### EXERCISE INPUT
+++

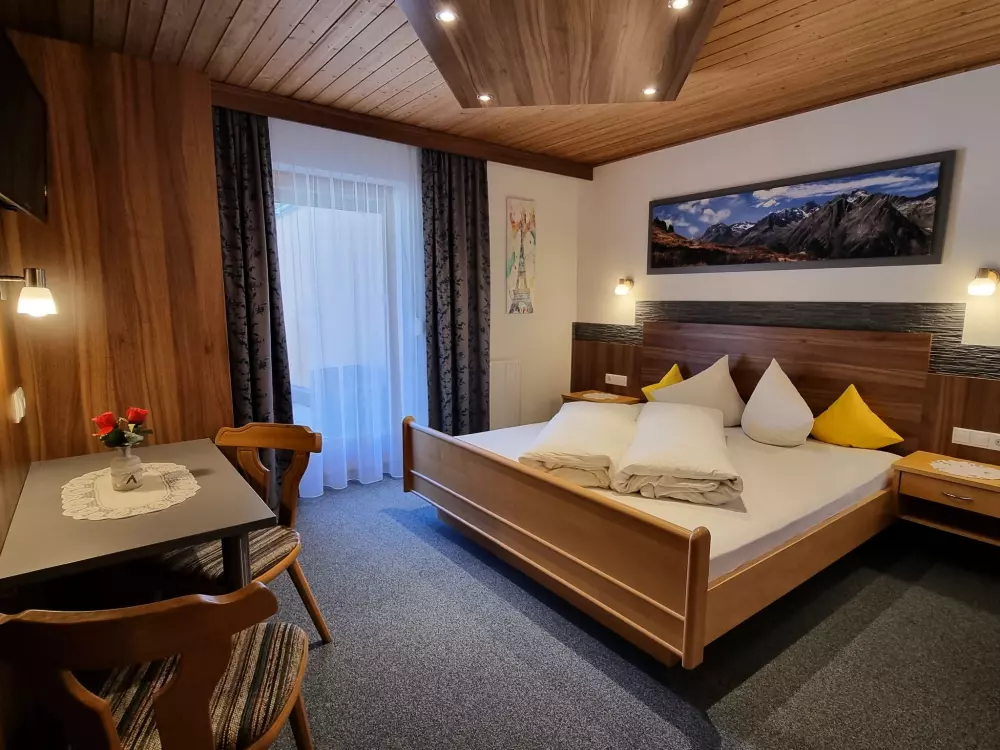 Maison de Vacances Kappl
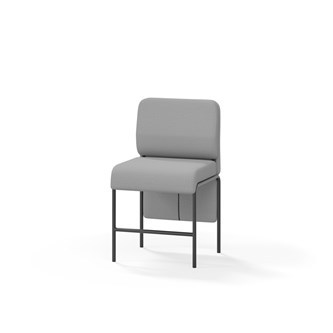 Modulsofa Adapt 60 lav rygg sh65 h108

+++

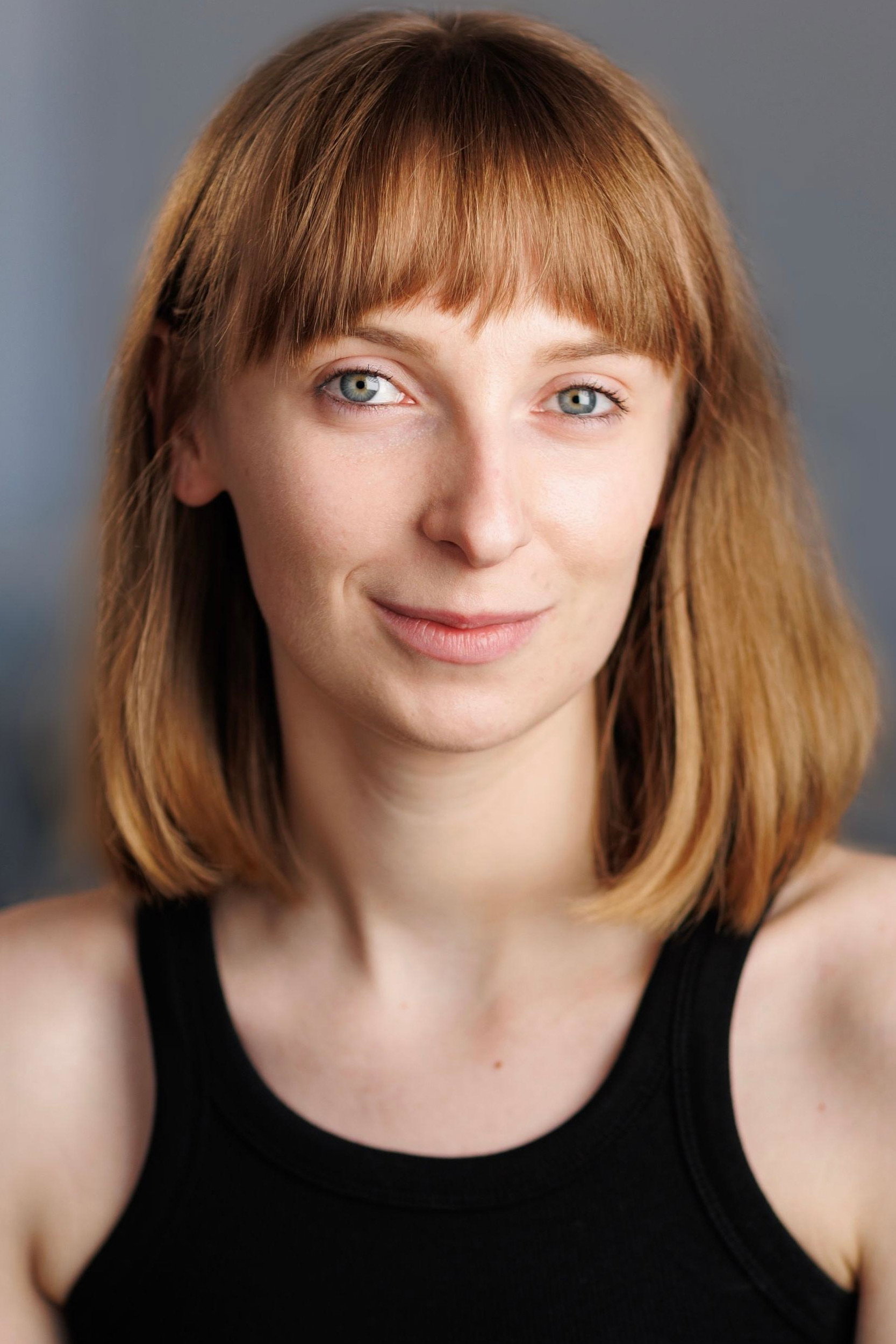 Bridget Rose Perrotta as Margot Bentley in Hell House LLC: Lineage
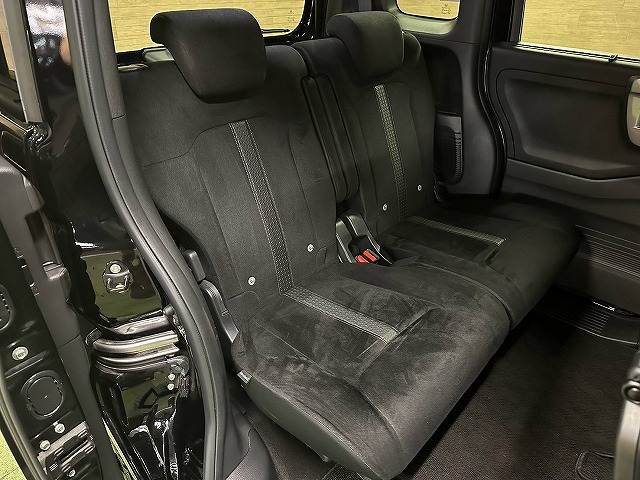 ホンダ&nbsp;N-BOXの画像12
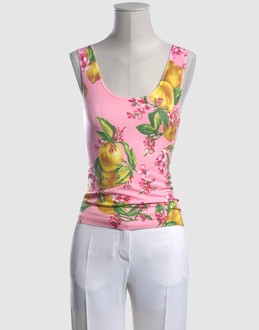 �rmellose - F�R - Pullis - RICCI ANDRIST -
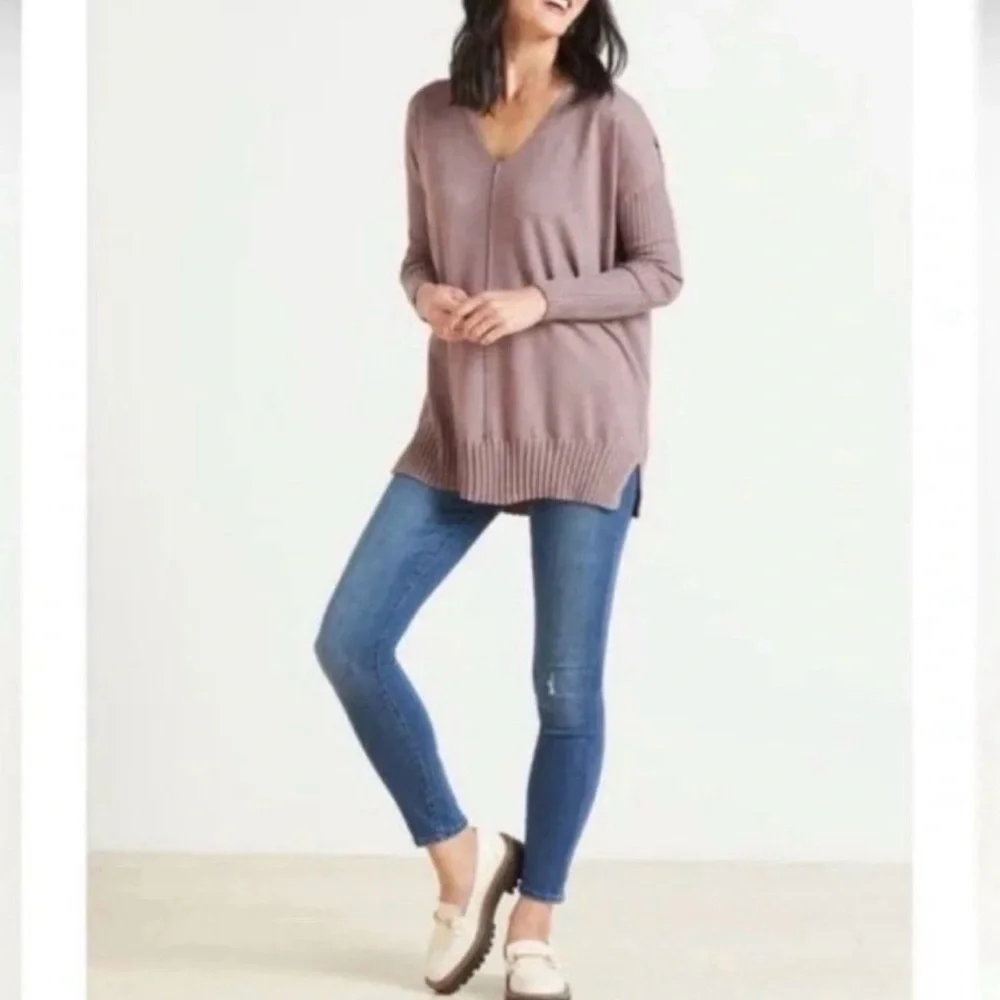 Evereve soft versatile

+++

From the line containing "Bridget Rose Perrotta" through the line containing "Evereve soft versatile", copy every line above exactly, without pictures.

 Bridget Rose Perrotta as Margot Bentley in Hell House LLC: Lineage
 ホンダ&nbsp;N-BOXの画像12
 �rmellose - F�R - Pullis - RICCI ANDRIST -
 Evereve soft versatile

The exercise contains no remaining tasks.